Even as I was reading the script, I was thinking, "They couldn't be more different! How does this work?" But being in that space with Shoniqua - and I think this is what's so wonderful as well - in what Shoniqua brings to Angie, and what I really attempt to bring to Quinn, I really feel [adds] such a love and such a trust there. Between the actors and between the characters, their relationship, and friendship, I think that really makes room for a symbiotic connection.
I love how positive and beautiful that is. Shoniqua, do you want to discuss the downsides or the frustrations Angie has at the start of this season?
Shoniqua Shandai: Oh, yes. I think it's feeling not quite understood in her artistry by her friends. She's not the only artist, because Quinn is a fashion designer, but she's the only one where it almost feels like you have to rely on other people for an opportunity. Like a singer, you can't sing unless somebody allows you to come into their space and sing.

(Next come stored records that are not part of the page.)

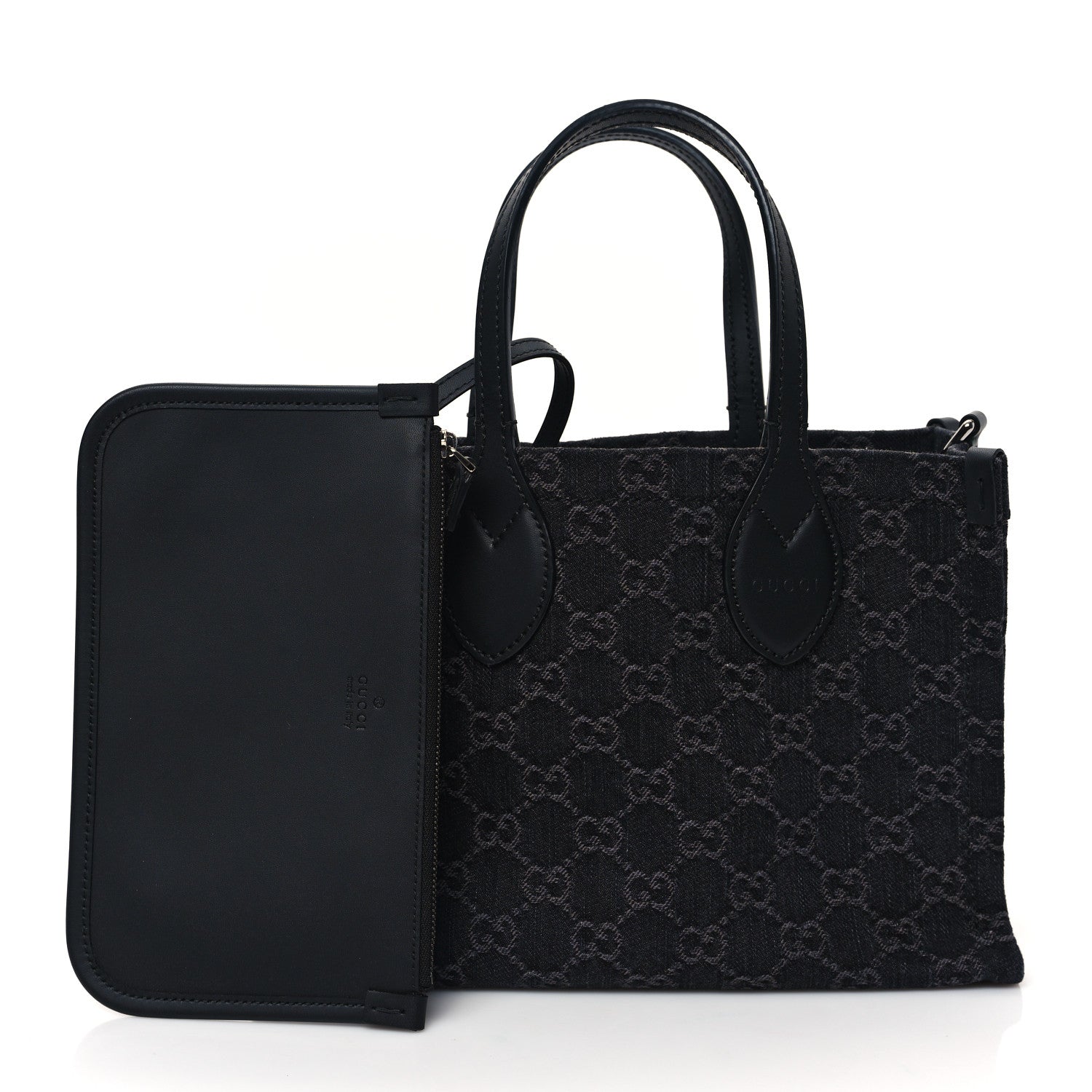 Gucci Denim Ophidia GG Monogram Tote Medium Black Grey 3 of 11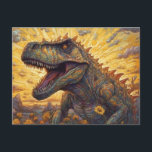 T-rex in een zonnebloemveld briefkaart<br><div class="desc">Een T-rex in een zonnebloemveld AI genereerde kunst</div>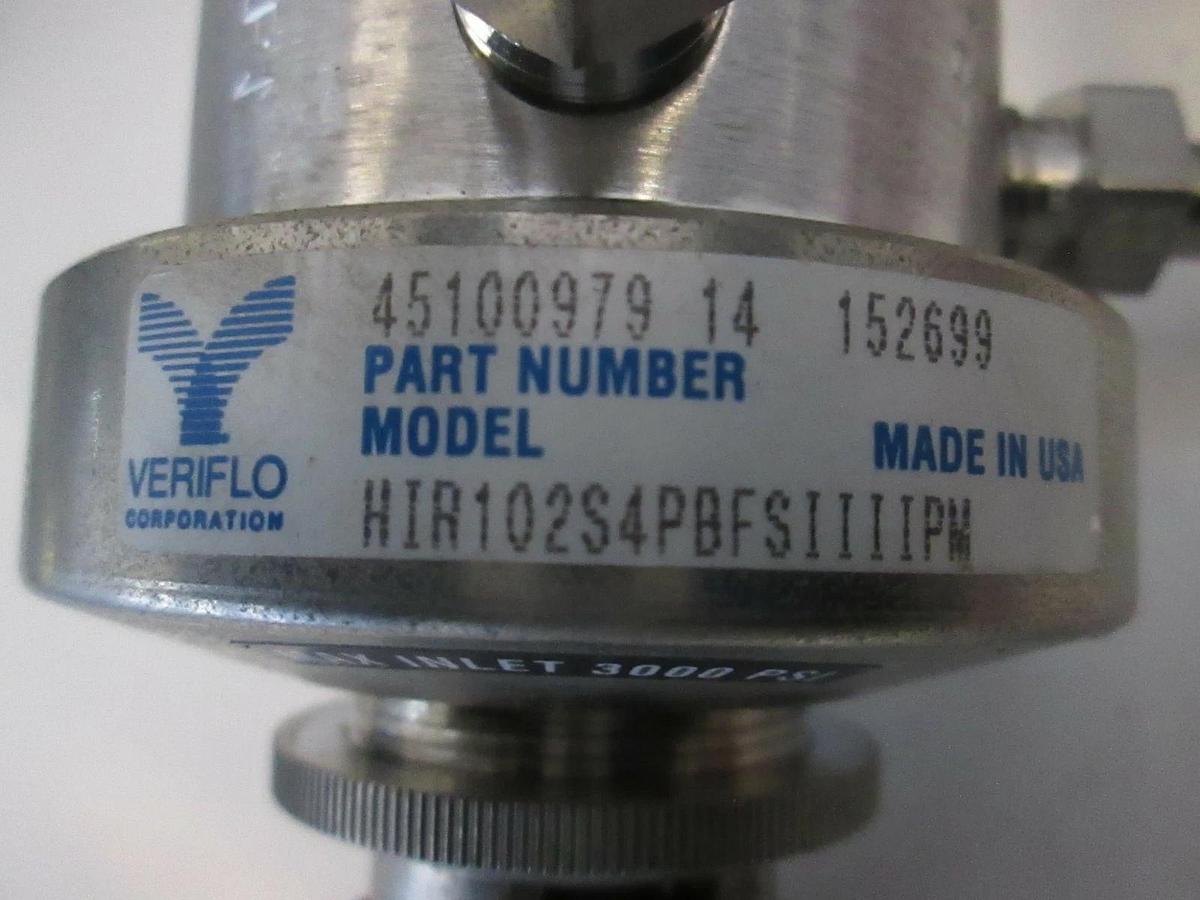 Used Veriflo HIR102S4PB Pressure Regulator with Millipore WG2F06WR1 Gas Filter, Used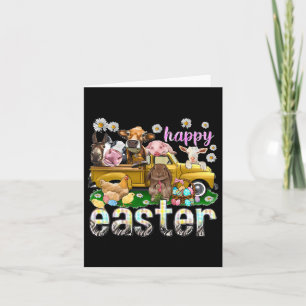 Happy Easter Day Vintage Truck With Farm Animals G Card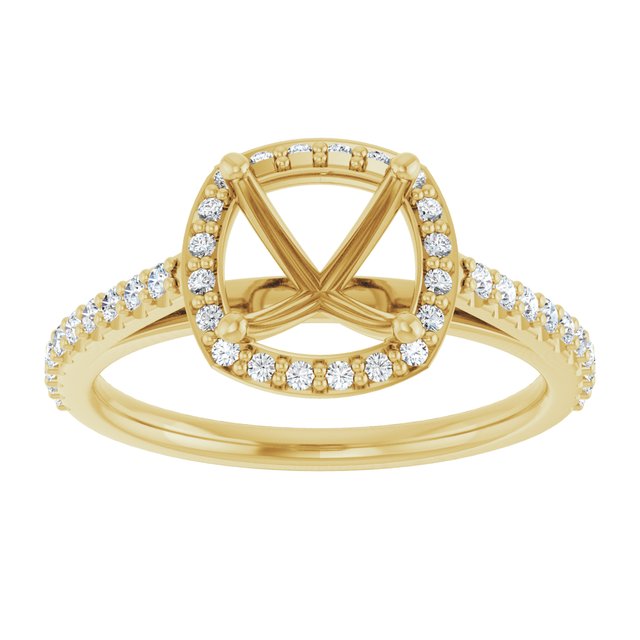 14K Yellow Or White Gold Polished 1/4 Ctw Lab-Grown Diamond Semi-Set Engagement Ring, Size 7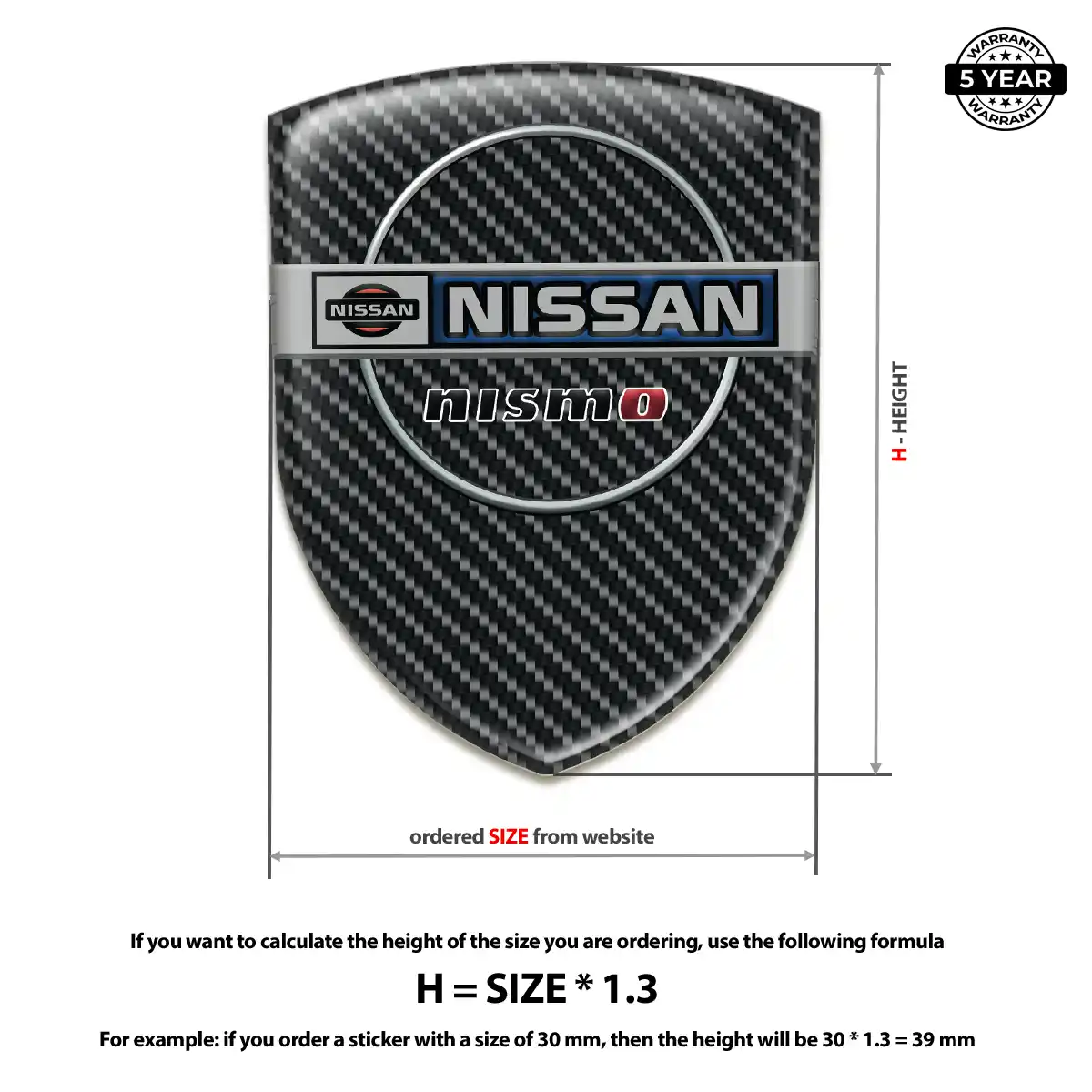Nissan Resin Emblem Sticker Interior Luxe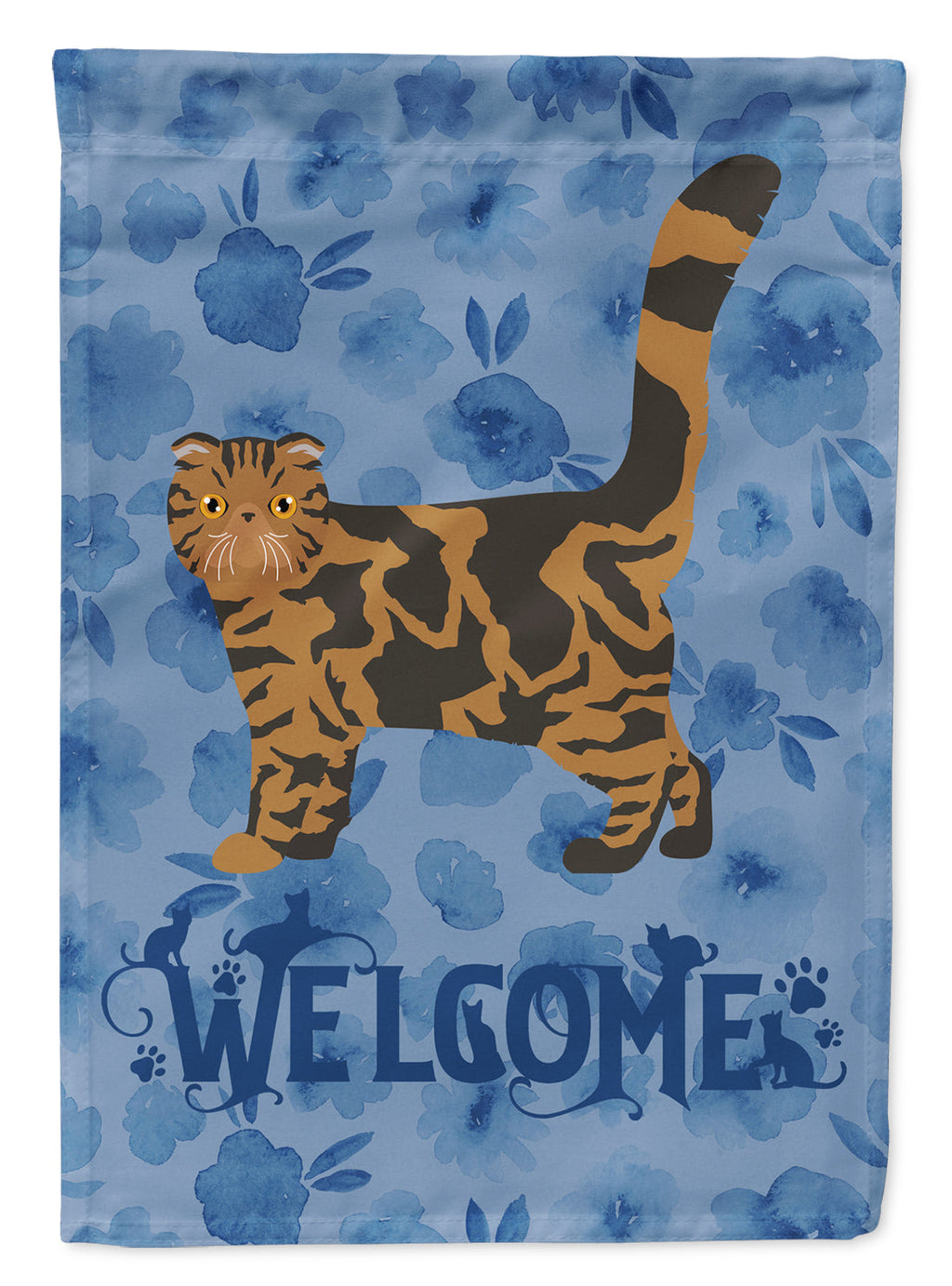 Foldex Exotic Fold #2 Cat Welcome House Flag 28x40 Porch Sleeve Pole Decorative Outside Yard Banner Artwork Wall Hanging, Polyester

She's not quite feeling like her friends are relating to her; not quite feeling like they're seeing her fully. There's a moment where baby girl is working multiple jobs, and her friends are still pooh-poohing on her - and they don't even realize. It's like, "Listen, I am at this point. I am out here, almost working as something that I feel is so beneath me, and just wanting to be seen." She's wanting to be supported, and really needing the encouragement from her friends in that moment when she's feeling so incredibly vulnerable.
But I think because she's such a vivacious human being because she's always the truth-teller, they don't see it for a second. It comes in later, but that's usually how it is. The people who are usually the loudest or the most strong, forthcoming, and upfront - we miss the moments where they're being vulnerable. We miss the moments where there's a yearning there because, in the exterior, we're just used to them having the confidence that they need, regardless of whether you're there to enforce it or empower [them] or not.
If you could give your characters one piece of advice going into this season to make their lives easier, what would it be?
Grace Byers: For Quinn, I think it would be, "Trust yourself". Trust yourself, release the expectations that other people have of you, and fulfill the dreams of your own heart.
Shoniqua Shandai: For Angie, it would be to not allow past disappointments to affect the way you feel about your future, or to determine the margin in which you allow yourself to dream, romantically or career-wise.
All 10 episodes of Harlem are currently available to watch on Amazon Video.